Senate Majority Leader Scott Fitzgerald, R-Juneau, told the Wisconsin State Journal Wednesday that legislators would not be called back to Madison due to a lack of time.
“I don’t see [the Legislature] coming back. It’s not going to be resolved for the November election,” Fitzgerald said. “This pretty much ends the idea that we could come in and do something through a legislative effort that would make sense at this point.”
Larry Dupuis, legal director of the American Civil Liberties Union of Wisconsin, said even if the state appeals the case, subsequently taking it to the U.S. Seventh Circuit Court of Appeals in Chicago as Wisconsin Attorney General J.B. Van Hollen has indicated it will, it is unlikely that the law will be reinstated by election day.
Dupuis said the process to appeal is lengthy, and would require many months of preparation. Even if the process was expedited, he said it is unlikely Wisconsin will have a voter ID law back in place before November.
With about 300,000 Wisconsin voters without a valid form of ID, many of whom are low-income minority individuals, the law would have disenfranchised a significant portion of the Wisconsin population, Dupuis said.
Adelman ruled the law disproportionately affects Black and Latino voters despite being billed as a measure to prevent voter fraud, which he said was an almost nonexistent occurrence.
“Act 23 only tenuously serves the state’s interest in preventing voter fraud and protecting the integrity of the electoral process, and therefore the state’s interests do not justify the discriminatory result,” Adelman wrote in the decision.
The penalties for voter fraud in Wisconsin, a felony carrying a $10,000 fine and up to three years of imprisonment, far outweigh the benefits of a single vote in an election, Adelman said.
Sen. Mary Lazich, R-New Berlin, who chairs the Senate elections committee, declared Adelman’s ruling “judicial activism.” Assembly Speaker Robin Vos, R-Rochester, also defended the voter ID law, saying the law was constitutional and he supports Van Hollen’s plans to appeal the decision.
“The U.S. Supreme Court has said voter ID is constitutional. We look forward to working with the governor and our colleagues in the Senate to do whatever it takes to ensure voter ID is in place as quickly as possible,” Vos said in a statement. “The integrity of our elections is too important to be caught up in the courts. Voter ID should be law in Wisconsin.”
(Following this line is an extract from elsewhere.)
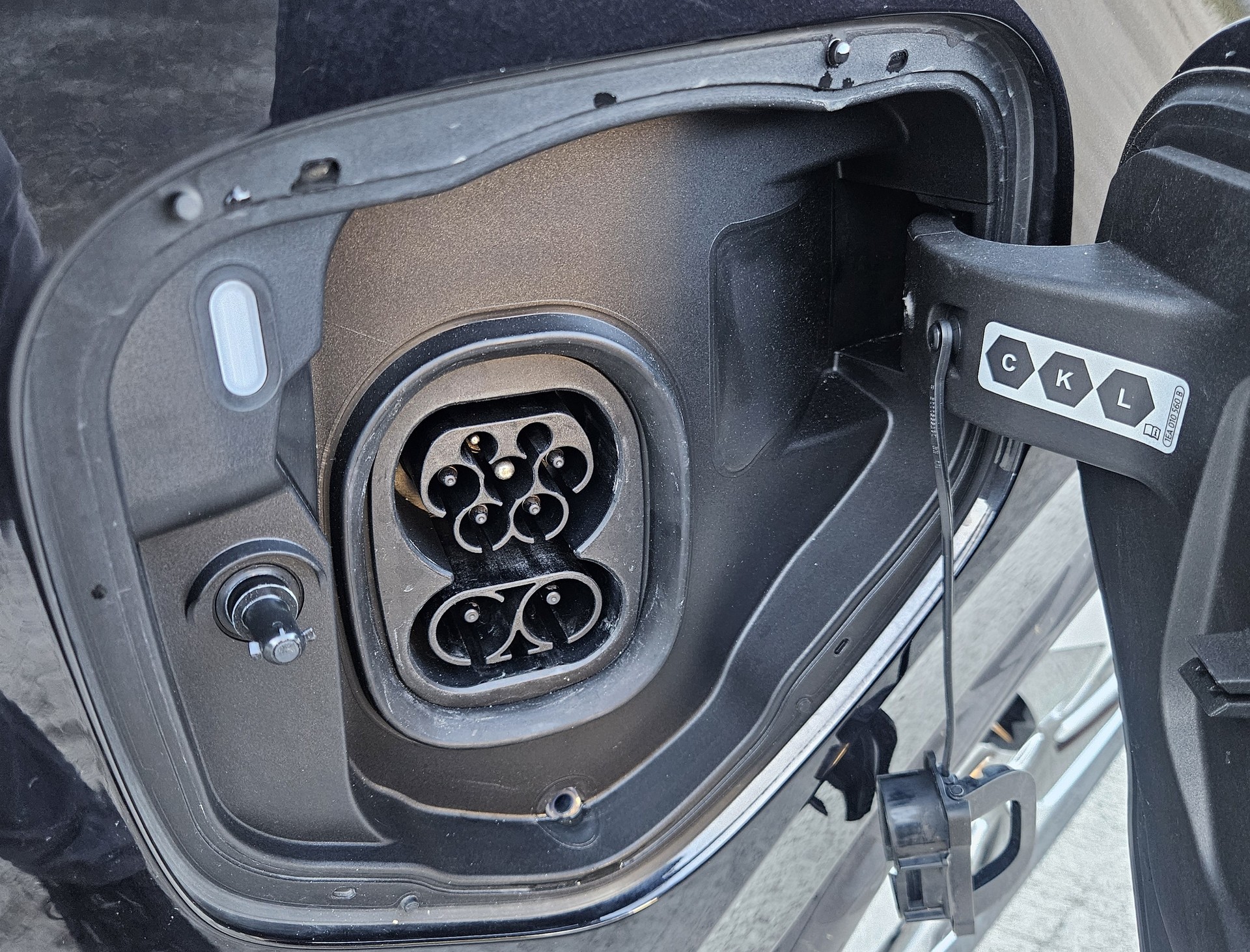 VW ID.Buzz NWB Pro mit 6 Sitzplätzen (kurzer Radstand)-image-7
The Wisconsin Supreme Court is currently also reviewing a challenge to the voter ID law. For the law to remain in place, it has to clear both the federal and state challenges.
Jay Heck, executive director at Common Cause Wisconsin, said recently approved legislation to limit early and weekend voting in Wisconsin will almost certainly be in place for November’s election. However, he said the League of Women Voters of Wisconsin was also potentially planning to bring forward a lawsuit to challenge the law.